Uzbekistan has formally sought Pakistan’s support for accession to the Quadrilateral Traffic in Transit Agreement (QTTA) in a bid to utilize Karachi and Gwadar ports for its trade operations, joining Pakistan, China, Kyrgyzstan and Kazakhstan. The diplomatic request was made on Friday (May 8).

The Quadrilateral Traffic in Transit Agreement (QTTA) is a transit trade deal between China, Pakistan, Kyrgyzstan and Kazakhstan for facilitating transit traffic and trade. In February 2017, Tajikistan has also expressed interest in joining the deal, and is waiting for Parliamentary approval, while Uzbekistan has just made its interest known.

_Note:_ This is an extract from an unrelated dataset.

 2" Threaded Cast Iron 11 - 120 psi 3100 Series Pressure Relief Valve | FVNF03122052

The road project is related to the China Pakistan Economic Corridor (CPEC), which aims to provide China and Central Asia access to Pakistani ports, and specifically the heavily China invested Gwadar Port in Pakistan’s southern Baluchistan Province. That connectivity is potentially lucrative for Central Asian exporters wishing for easier access to South-East Asian and other markets in Africa and Australasia.

The strategical importance of the QTTA project was enhanced due to the implied failure of the Afghanistan-Pakistan Transit Trade Agreement. Afghanistan has insisted that India be included in their bilateral transit trade as a condition for allowing Pakistan access to Central Asia, even threatening to cut off the agreement if it was not reciprocated. Pakistan’s tensions with India has made such an arrangement awkward.

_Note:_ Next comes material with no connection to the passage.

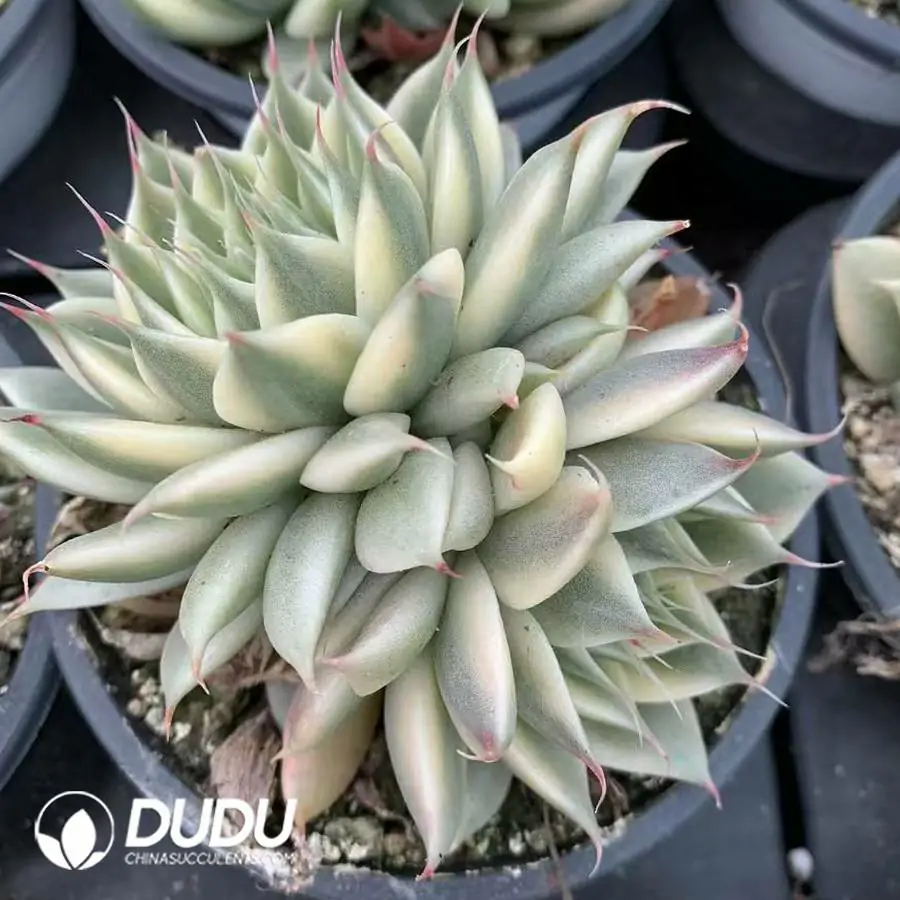 1744096292-e201.webp Graptoveria Silver Star Variegated Double Heads - Image 1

The QTTA therefore provides Pakistan an alternative gateway to Central Asia by completely circumnavigating Afghanistan. It would use the Karakoram Highway, which connects north Pakistans’ Gilgit-Baltistan regions to China’s Xinjiang Province, which links to Central Asia.

The Karakoram Highway runs through the China-Pakistan border crossing at Taxkorgan, and heads north to Kashgar, where it is connected via rail and air to Urumqi and China’s national high speed rail network, in addition to border rail routes running west into Kazakhstan.